↓
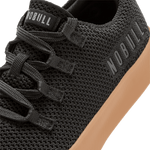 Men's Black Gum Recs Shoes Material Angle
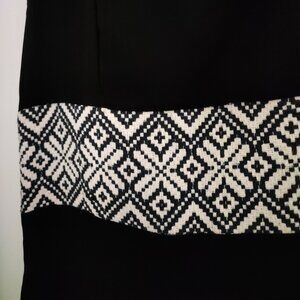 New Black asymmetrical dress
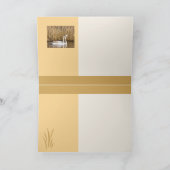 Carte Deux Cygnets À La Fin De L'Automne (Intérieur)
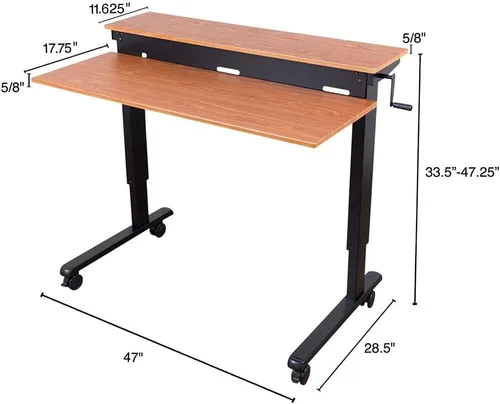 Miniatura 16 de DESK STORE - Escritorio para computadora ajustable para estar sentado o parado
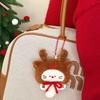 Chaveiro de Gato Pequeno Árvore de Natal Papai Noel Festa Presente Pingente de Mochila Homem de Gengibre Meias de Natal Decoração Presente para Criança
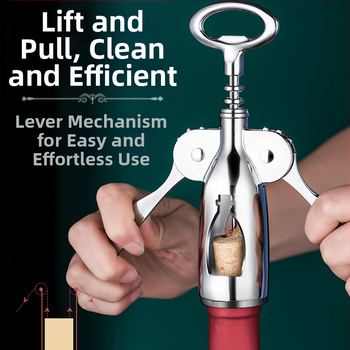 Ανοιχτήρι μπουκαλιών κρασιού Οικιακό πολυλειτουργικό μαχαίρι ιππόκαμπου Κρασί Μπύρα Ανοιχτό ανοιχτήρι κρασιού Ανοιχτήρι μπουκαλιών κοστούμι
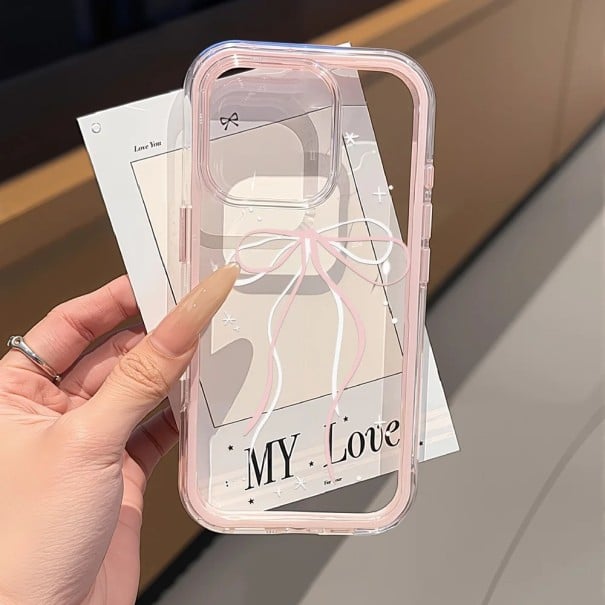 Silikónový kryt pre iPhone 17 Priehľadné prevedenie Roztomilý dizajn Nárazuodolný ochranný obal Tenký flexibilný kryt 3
↑
• Activity: The span to retype runs from the line containing "Ανοιχτήρι μπουκαλιών κρασιού" through the last line of the listing above, both ends included; copy it exactly, without pictures.

• Response area:
 Ανοιχτήρι μπουκαλιών κρασιού Οικιακό πολυλειτουργικό μαχαίρι ιππόκαμπου Κρασί Μπύρα Ανοιχτό ανοιχτήρι κρασιού Ανοιχτήρι μπουκαλιών κοστούμι
 Silikónový kryt pre iPhone 17 Priehľadné prevedenie Roztomilý dizajn Nárazuodolný ochranný obal Tenký flexibilný kryt 3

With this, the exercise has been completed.